■ What is being asked
Nothing outside the range below should be printed. Output exactly the lines from the line with "Camiseta Sou Daniel" to the line with "张家界联通职工拔河比赛勇争先 激发活力加油干", both included.

■ Data to process
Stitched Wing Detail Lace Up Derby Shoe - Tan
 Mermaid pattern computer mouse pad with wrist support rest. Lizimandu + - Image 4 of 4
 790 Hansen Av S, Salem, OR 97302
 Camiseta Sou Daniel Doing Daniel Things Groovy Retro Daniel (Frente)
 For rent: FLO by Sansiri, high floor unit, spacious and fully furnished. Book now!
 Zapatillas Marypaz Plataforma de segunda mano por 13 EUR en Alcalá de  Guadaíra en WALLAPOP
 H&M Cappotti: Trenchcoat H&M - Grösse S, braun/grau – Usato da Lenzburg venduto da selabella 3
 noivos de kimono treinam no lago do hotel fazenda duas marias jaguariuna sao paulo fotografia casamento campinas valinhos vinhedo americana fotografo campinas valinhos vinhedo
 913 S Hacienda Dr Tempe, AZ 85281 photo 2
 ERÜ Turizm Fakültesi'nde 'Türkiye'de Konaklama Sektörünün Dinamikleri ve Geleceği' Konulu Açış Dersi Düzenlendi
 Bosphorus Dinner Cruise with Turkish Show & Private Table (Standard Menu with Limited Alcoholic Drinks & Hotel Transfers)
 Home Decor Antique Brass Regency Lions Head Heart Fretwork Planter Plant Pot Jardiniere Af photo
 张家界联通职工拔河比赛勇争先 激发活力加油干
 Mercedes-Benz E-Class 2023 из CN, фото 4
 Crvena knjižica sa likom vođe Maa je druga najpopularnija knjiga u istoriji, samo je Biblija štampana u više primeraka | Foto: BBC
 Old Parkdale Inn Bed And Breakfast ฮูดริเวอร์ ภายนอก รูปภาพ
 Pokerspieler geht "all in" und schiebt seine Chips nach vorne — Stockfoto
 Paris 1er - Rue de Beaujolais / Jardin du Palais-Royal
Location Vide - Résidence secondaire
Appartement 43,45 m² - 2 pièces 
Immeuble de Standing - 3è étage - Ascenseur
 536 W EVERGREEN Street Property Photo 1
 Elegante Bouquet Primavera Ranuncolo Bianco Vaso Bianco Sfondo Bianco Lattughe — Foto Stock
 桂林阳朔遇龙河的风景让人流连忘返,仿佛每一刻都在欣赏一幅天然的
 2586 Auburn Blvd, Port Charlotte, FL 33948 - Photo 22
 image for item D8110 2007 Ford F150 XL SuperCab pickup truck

■ Written answer
 Camiseta Sou Daniel Doing Daniel Things Groovy Retro Daniel (Frente)
 For rent: FLO by Sansiri, high floor unit, spacious and fully furnished. Book now!
 Zapatillas Marypaz Plataforma de segunda mano por 13 EUR en Alcalá de  Guadaíra en WALLAPOP
 H&M Cappotti: Trenchcoat H&M - Grösse S, braun/grau – Usato da Lenzburg venduto da selabella 3
 noivos de kimono treinam no lago do hotel fazenda duas marias jaguariuna sao paulo fotografia casamento campinas valinhos vinhedo americana fotografo campinas valinhos vinhedo
 913 S Hacienda Dr Tempe, AZ 85281 photo 2
 ERÜ Turizm Fakültesi'nde 'Türkiye'de Konaklama Sektörünün Dinamikleri ve Geleceği' Konulu Açış Dersi Düzenlendi
 Bosphorus Dinner Cruise with Turkish Show & Private Table (Standard Menu with Limited Alcoholic Drinks & Hotel Transfers)
 Home Decor Antique Brass Regency Lions Head Heart Fretwork Planter Plant Pot Jardiniere Af photo
 张家界联通职工拔河比赛勇争先 激发活力加油干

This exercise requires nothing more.